Data from a team of Australian researchers shows the potential of a new therapeutic strategy for treating castration-resistant prostate cancer (CRPC), the most aggressive form of the disease. The research, published in the British Journal of Cancer, studied the role of Cyclin-Dependent Kinase 9 (CDK9) in the progression of aggressive prostate cancer and tested whether the CDK9 inhibitor CDKI-73 has the potential to overcome CRPC treatment resistance.
The research reveals that CDK9 plays a crucial role in promoting the growth and survival of prostate cancer cells. “CDK9 expression is associated with tumor grade and is predictive of disease recurrence following surgery. Importantly, CDK9 expression is highest in CRPC, including AR-low/independent NEPC (neuroendocrine prostate cancer) tumors. Mechanistically, this can be explained at least in part by the increased copy number of the CDK9 gene, which is particularly evident in NEPC.”
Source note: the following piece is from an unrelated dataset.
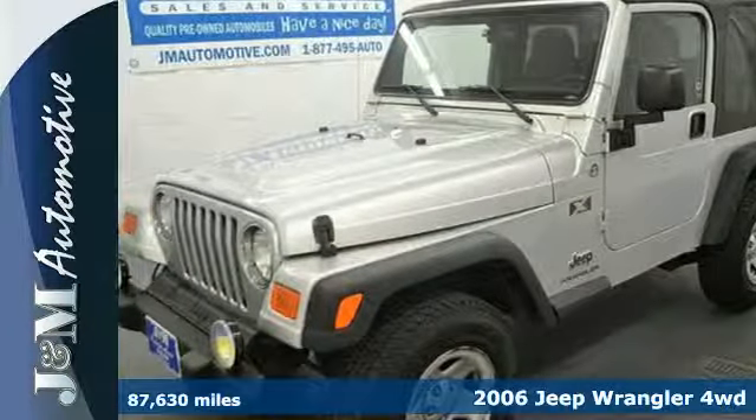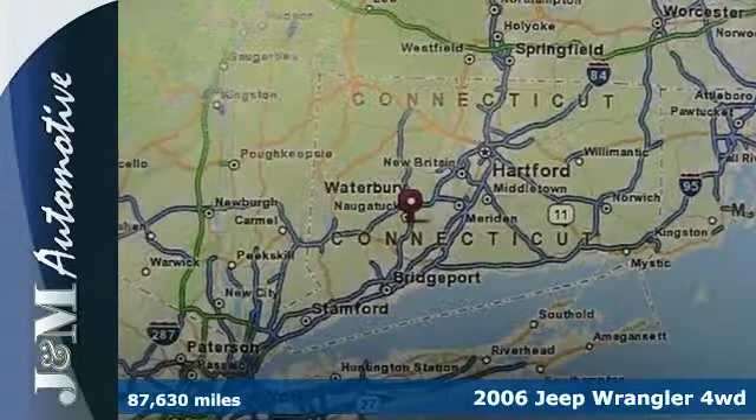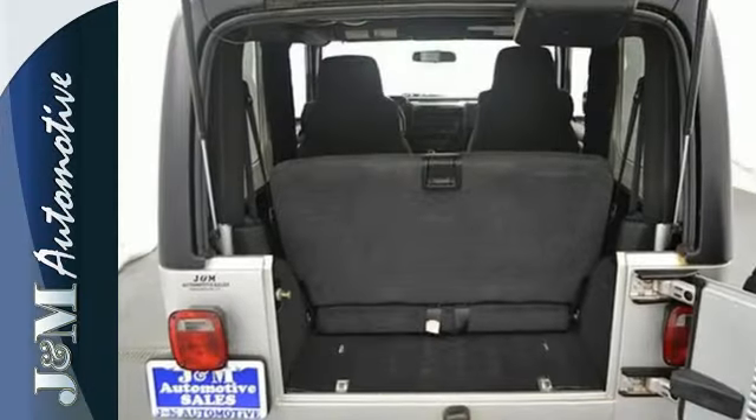If you're in the market for a tough, versatile truck, this 2006 Jeep Wrangler can handle whatever your driving needs demand. With four-wheel drive, you'll have the power and control to handle all kinds of road and weather conditions.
In their study, the researchers investigated CDKI-73, an orally deliverable CDK9 inhibitor, to assess its effectiveness in treating prostate cancer. Previous pre-clinical investigations of CDKI-73 has shown its anti-tumor activity against acute myeloid leukemia, ovarian cancer, colorectal cancer, and melanoma. It is currently being tested in a Phase II clinical trial in patients with relapsed and therapy resistant acute myeloid leukemia (AML).
Their research was conducted on an array of prostate cancer models including cell lines, xenografts, primary tumors in explant culture systems, and organoids derived from men with CRPC.
“Our research demonstrates that CDKI-73 potently blocks the growth of prostate cancer, even aggressive subtypes of the disease that are resistant to current treatments,” said Luke Selth, PhD, an associate professor at Flinders University who co-led the study. “Importantly, CDKI-73 targets cancer cells specifically without harming normal cells and its potential as an oral capsule makes it an attractive treatment option.”
The study also noted that CDKI-73 showed minimal toxicity in mouse models and has favorable oral bioavailability, which could hasten its potential use in the clinic.
In addition, the team investigated the use of CDKI-73 as part of a combination therapy. Specifically, it showed that the combination of CDKI-73 and the BRD4 inhibitor AZD5153, showed significant promise in preclinical prostate cancer models. “This combination strategy could enhance therapeutic efficacy, given that CDK9 and BRD4 play complementary roles in amplifying oncogenic gene expression programs,” they wrote.
While their findings show promise, the team noted a few important limitations of their study. Most notable was that while CDKI-73 is highly selective for CDK9, it also inhibits other CDKs at lower concentrations, which may contribute to its effects. The investigators wrote, “Inhibition of CDK9 is the major mechanism by which CDKI-73 exerts anti-tumor activity in prostate cancer,” suggesting that further research is needed to fully understand its mechanisms and optimize its use in clinical settings.
Co-leader of the study professor Shudong Wang, PhD, from the University of South Australia, who developed CDKI-73, added: “This study demonstrates that CDKI-73 is a promising candidate for treating solid tumors such as prostate cancer. Our proof-of-principle study is an important step towards future clinical trials and these findings will inform future studies in the use and efficacy of CDKI-73 as a prostate cancer treatment.”